と表白することから始まる。その場面からは、命を犠牲にして人を助けるというカムパネルラの自分の信念と同時に、親孝行も満足に出来ずに死んでしまったという自責の念とtr90效果もとれる悲しい思いが伝わって来る。この美しいリンドウの花の風景からすぐ後に唐突過ぎるような悲しい内面描写への移行は、リンドウの特徴にもあると思えてならない。美しくも、群生することなく、花の少ない晩秋に咲き、さらに寄り掛かるススキ原のイメージとも重なって、どこか寂しさやもの悲しさを感じさせるのがリンドウであるからだ。私に都合のよい解釈かも知れないが、リンドウの花に託した賢治の思いをそのように解してリンドウを眺めていると、このうえなく愛する気が自然と湧き出てくるのである。



   げんのしようこのおのれひそかな花と咲く  」
 世を捨てた山頭火であればこそ、草花を愛らしく思う気持ちは強い。ゲンノショウコの可愛らしく凛とした姿と自らを比べ、自嘲的な笑みをこぼす姿が浮かんでくる。彼は亡くなる一ヶ月前にはこんな句を作っていた。
  もりもりもりあがる雲へ歩む
 足元にゲンノショウコを眺めて空を見上げると、今、りを歩いているのだろう、と心なしか淋しさを感じる。山頭火は、本当は何を捨て、何を得て、何を残したのだろう。

 秋は物思いや思慮を日常以上に深める季節である。贅沢や遠くを求めることなく、時には私のように自分を見つめる質素な一人旅に出るのもいい。

 旅行ではなく、いわゆる旅というのは不思議な力を持っているものである。旅の身空で一人になると日常の煩瑣から解放され、心身ともに自由となったような気分になる。すると、この時ばかりは感受性が解き放たれて五感が鋭敏となるのか、普段なら見過ごすような事柄あるいは自分というものを観察したり、素直に感じたことを反芻するのである。さらに、旅の情感には旅先での生活や営みがもたらす様々な喜怒哀楽もあって、それらが旅を豊かなものにし、貴重な思い出を織りなしてくれる。

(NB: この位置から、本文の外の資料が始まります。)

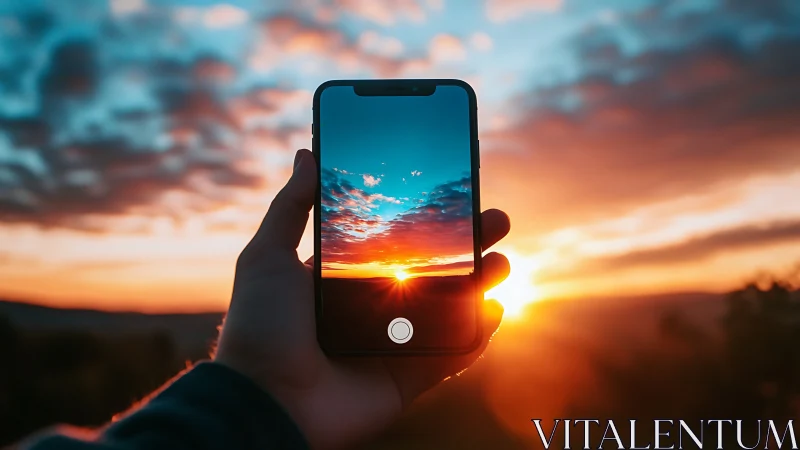 Smartphone captures high dynamic range sunset with vivid color contrast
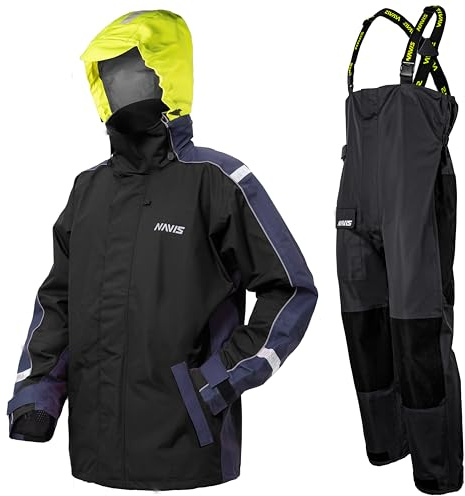 Chaquetón de navegante para hombre, impermeable, con peto ajustable incorporado, transpirable - para navegación en alta mar y de cabotaje Sailor NS-147(Black,XL)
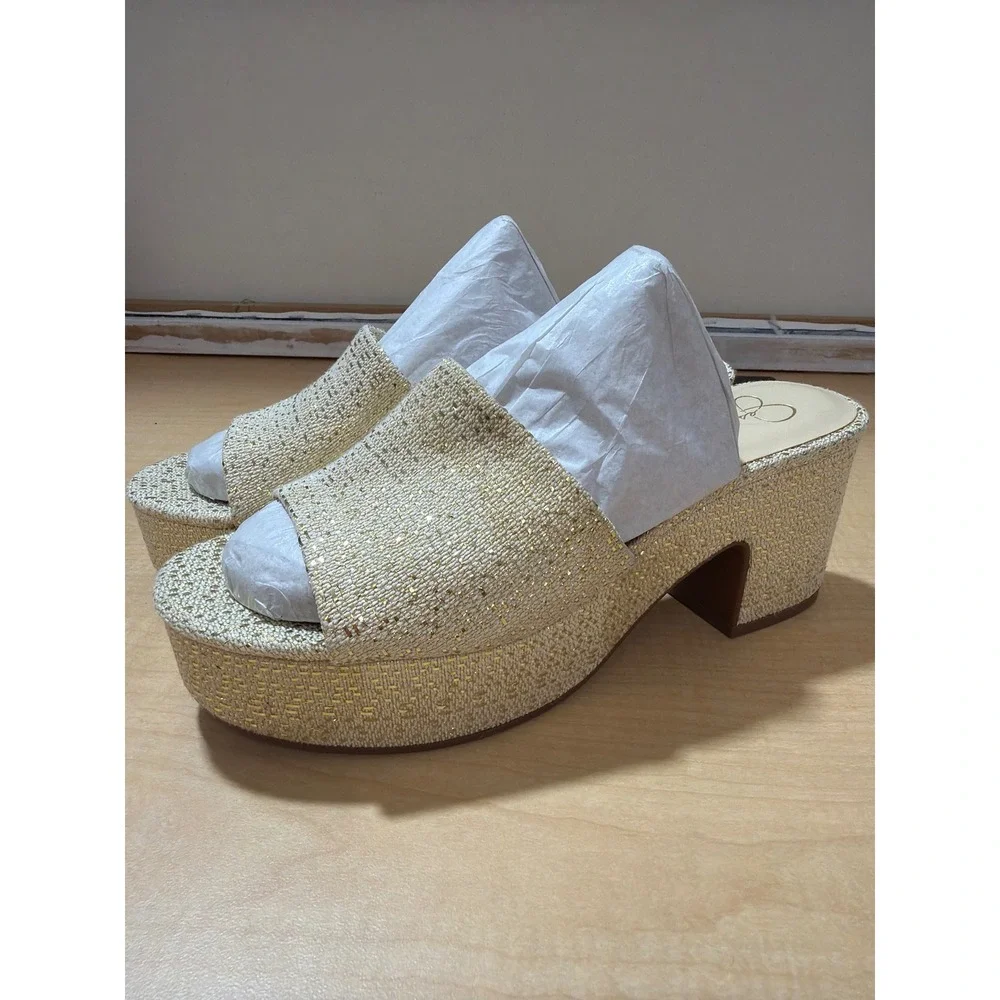 Jessica Simpson Gold Metallic Woven Platform Slide Sandals Block Heel Mules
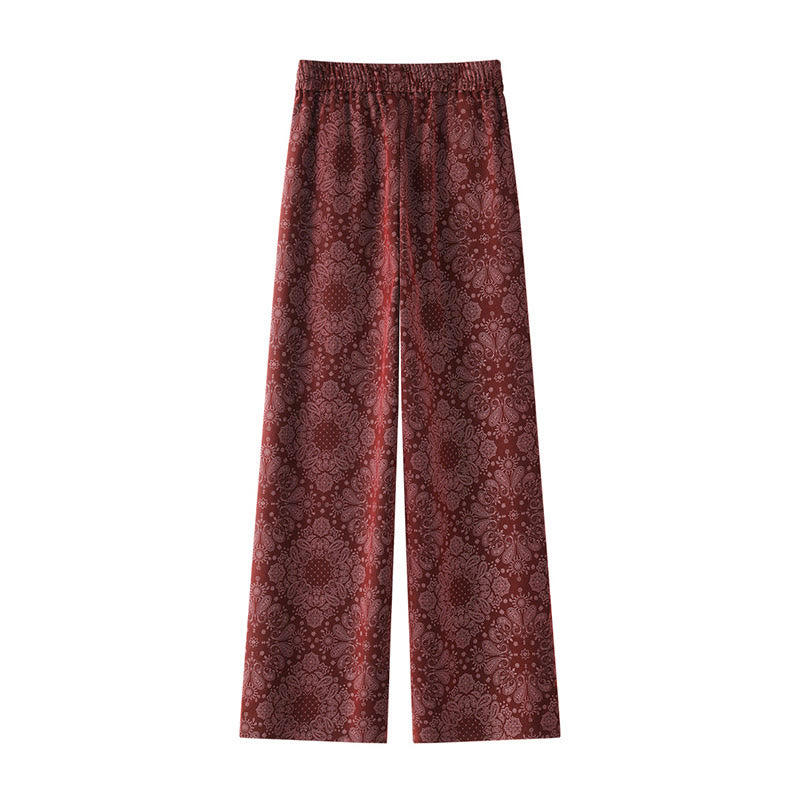 Buddha Stones Freizeithose mit Blumenmuster, weites Bein, Taschen, aus Polyester, Damen - image 6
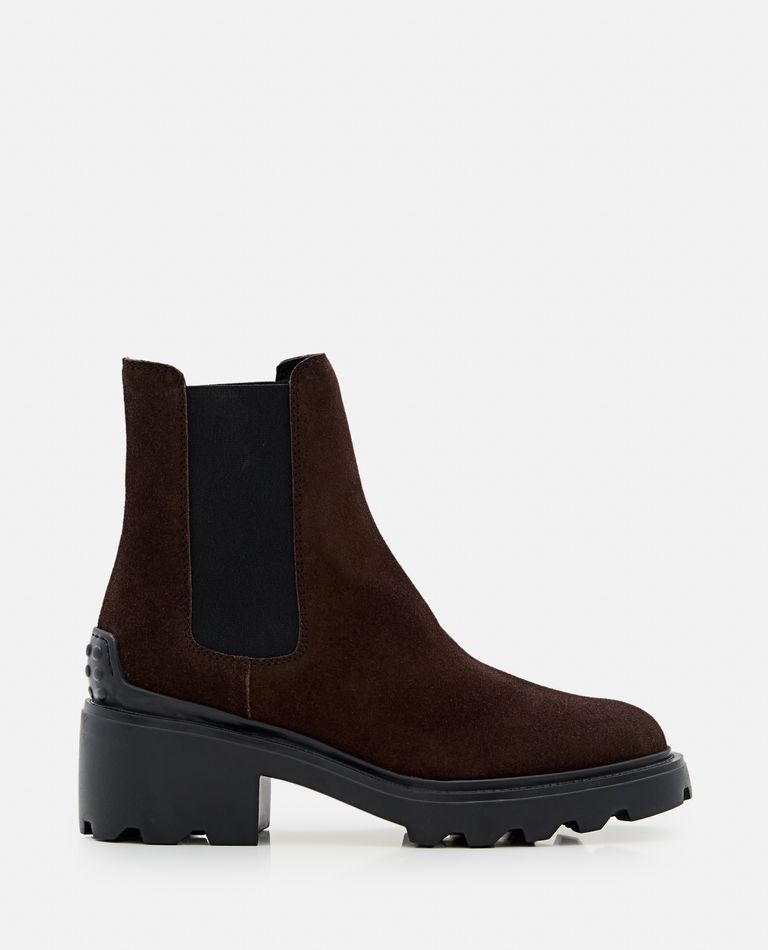 Shop Tod's Suede Platform Chelsea Boots In Brown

 ところが、歓楽極まりて哀情多し。そのような旅先での大いなる喜びや楽しみが極まると、感情の深みまで下りて哀感へと転じてしまうことがある。愁いは人間存在の要の感情と言ってよく、本来の自分、実存の自覚を促す感情だ。その哀情こそが旅愁の正体だと思える。ついた錆は今ある活の中ではしかと自覚されるものではない。旅先での見知らぬ人との会話に生じる新鮮な空気が、あるいは沈黙を余儀なくさせるほどの自然の佇まいや美しい景観が、芸術や恋愛の感動?情動と同じような力でもって自分の心を洗浄し、付着した世俗の錆を落としてくれること請け合いだ。再生の旅、秋の旅愁に浸ることは「汝自身を知れ」ということであろうか。